Worse, finding a way to make one CPU (now called "core) run reasonably better performing, even with massive increase in transistor count, is ALSO now a problem.
The Speed improved toward 4GHz, the (average) Instructions per cycle improved from 0.05 to 0.1 to .5 to 1 to 1.5… But now both are blocked…
eg The next megabyte of cache doesn’t add much to performance.
Thus we move to more cores… and of course, making more use of the hardware, eg by doing graphics co-pro work too, eliminating main memory to co-pro transfers, and getting even graphics work done ahead on time, as in on spec execution of the code… (eg on spec calculation of the constant velocity, AND at the predicted change , if that occurs both being calculated)
people keep parroting this tripe, but it’s counter to reality. ever since it Vista, newer versions of Windows have run better than their predecessors, and it has been “slimmed down” to the point that it runs on phones.
I know what you mean and agree with the spirit of your comment, but trust me: the demand for faster hardware is far from over. We software types keep adding layers of gunk, and the damn users keep asking for nifty new features.
Just try starting work on an open-source project, even a seemingly simple one, and count the number of huge open-source libraries that get pulled in before you can get started. We even have systems to help pull all that gunk together for us, making it easier for us to pile crud on top of crud! (OK, a lot of it is really good crud, and I’d hate to have to reinvent all those wheels!)

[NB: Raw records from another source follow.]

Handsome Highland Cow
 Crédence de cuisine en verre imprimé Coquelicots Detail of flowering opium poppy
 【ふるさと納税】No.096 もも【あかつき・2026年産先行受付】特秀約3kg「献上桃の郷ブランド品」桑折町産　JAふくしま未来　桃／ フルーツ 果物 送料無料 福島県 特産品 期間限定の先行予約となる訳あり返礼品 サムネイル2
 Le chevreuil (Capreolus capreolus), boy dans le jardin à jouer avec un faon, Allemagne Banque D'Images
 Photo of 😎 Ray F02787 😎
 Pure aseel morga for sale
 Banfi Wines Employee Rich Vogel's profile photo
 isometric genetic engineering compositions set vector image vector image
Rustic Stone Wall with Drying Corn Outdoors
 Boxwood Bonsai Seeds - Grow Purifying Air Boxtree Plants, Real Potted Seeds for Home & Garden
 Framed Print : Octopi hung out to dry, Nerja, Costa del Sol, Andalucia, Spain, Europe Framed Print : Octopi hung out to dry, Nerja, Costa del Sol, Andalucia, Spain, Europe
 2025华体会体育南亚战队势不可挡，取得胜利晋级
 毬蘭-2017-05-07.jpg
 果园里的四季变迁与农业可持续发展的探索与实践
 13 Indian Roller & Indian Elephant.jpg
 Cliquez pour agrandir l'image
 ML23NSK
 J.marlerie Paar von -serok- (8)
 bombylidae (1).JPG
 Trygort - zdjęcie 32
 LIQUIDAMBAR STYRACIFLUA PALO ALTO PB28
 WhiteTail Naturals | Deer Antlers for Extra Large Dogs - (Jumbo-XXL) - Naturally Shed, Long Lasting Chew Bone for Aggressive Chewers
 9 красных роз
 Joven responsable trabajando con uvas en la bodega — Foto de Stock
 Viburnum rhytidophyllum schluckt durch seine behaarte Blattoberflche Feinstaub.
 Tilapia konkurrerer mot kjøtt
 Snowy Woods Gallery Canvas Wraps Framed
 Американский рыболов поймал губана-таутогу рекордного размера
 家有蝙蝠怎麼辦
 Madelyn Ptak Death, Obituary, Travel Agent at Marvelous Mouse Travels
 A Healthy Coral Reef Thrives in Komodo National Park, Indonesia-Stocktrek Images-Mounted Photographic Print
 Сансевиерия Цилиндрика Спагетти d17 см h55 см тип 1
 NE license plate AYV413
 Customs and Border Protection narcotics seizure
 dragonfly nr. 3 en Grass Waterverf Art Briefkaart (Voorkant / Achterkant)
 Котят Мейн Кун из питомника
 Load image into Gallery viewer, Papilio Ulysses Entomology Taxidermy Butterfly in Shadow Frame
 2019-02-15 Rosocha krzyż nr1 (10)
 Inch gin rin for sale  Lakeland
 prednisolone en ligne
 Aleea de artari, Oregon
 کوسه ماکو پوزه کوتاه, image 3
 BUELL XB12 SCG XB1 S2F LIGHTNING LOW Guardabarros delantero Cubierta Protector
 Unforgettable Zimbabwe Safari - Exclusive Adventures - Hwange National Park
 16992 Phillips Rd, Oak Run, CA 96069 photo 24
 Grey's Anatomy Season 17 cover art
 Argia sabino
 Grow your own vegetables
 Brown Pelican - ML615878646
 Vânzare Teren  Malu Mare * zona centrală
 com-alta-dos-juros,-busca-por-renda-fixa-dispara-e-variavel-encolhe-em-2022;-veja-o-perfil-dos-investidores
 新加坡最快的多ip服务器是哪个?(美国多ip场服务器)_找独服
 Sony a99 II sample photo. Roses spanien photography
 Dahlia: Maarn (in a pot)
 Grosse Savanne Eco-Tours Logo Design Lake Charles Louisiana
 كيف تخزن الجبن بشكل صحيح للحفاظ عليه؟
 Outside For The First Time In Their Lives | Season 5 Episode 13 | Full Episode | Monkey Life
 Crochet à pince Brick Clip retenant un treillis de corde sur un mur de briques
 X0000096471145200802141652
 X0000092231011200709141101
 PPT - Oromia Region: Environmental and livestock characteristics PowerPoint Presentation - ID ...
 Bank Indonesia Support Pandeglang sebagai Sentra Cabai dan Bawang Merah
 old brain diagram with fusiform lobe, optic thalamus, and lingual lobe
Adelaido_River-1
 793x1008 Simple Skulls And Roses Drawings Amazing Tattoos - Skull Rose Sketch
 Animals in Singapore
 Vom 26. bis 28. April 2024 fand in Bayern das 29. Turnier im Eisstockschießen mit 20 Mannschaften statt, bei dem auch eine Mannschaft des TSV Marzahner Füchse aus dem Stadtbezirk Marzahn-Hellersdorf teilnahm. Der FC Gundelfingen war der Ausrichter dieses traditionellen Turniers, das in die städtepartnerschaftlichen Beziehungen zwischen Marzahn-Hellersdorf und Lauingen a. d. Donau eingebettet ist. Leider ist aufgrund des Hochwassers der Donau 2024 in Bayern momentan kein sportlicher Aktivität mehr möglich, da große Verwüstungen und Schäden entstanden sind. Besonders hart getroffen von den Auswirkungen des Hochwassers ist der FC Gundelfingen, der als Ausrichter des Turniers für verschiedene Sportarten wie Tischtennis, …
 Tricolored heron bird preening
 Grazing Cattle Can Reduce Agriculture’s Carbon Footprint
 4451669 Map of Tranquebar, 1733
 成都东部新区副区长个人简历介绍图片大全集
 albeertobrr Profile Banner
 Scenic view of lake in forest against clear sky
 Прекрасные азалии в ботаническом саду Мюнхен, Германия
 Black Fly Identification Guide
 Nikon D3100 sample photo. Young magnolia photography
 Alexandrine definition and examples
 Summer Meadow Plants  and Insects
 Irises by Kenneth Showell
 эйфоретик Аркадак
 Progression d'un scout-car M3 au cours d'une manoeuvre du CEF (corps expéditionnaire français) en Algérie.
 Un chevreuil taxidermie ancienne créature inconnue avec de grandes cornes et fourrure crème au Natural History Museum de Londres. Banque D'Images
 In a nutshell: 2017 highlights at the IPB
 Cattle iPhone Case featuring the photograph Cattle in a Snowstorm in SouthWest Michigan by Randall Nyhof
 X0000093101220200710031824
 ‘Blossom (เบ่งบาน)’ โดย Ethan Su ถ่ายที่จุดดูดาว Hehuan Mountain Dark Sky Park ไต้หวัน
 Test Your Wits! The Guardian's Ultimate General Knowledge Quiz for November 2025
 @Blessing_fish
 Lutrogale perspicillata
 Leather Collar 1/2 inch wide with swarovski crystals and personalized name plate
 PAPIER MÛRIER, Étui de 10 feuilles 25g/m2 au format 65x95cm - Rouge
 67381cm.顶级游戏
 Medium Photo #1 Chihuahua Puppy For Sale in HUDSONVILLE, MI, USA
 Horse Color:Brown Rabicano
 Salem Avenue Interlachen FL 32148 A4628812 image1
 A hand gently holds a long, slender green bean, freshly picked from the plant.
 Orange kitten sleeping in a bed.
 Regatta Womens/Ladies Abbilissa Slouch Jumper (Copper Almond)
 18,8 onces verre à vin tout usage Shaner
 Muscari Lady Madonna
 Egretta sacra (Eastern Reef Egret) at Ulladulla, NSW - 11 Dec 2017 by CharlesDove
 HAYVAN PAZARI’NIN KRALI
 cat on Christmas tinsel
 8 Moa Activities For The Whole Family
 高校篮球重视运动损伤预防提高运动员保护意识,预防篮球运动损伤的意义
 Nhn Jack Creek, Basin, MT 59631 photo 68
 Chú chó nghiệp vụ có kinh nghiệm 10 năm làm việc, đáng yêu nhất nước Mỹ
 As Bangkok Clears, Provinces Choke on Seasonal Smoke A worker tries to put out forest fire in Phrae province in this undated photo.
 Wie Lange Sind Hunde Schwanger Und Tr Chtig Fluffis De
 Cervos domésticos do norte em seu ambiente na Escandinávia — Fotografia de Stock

The future is devices that anticipate what you want and/or learn from what you do, and it’ll take many more layers of gunk and serious CPU horsepower to do it even passably well. (And it’ll make our devices even more infuriating, since they’ll often guess wrong, and be less predictable. Yay! But once we get used to them, we’ll groan if we have to do without them.)
There is no end to the need for processing horsepower. You can call that Learjeff’s Law. It’s closely related to MacAwber’s corollary, which is that no amount of money is enough.
I agree, especially if we ignore that bit of tripe called Metro.
I’ve had that same impression several times in the last 35 years or so. As it turns out, I was wrong each time. I was using the same faulty logic that climate science deniers and bad spouses use: “But what have you done for me LATELY?”
I wouldn’t be surprised to find that gaps between significant improvements get longer as time goes on, since it will take even bigger revolutions in technology to maintain the trend.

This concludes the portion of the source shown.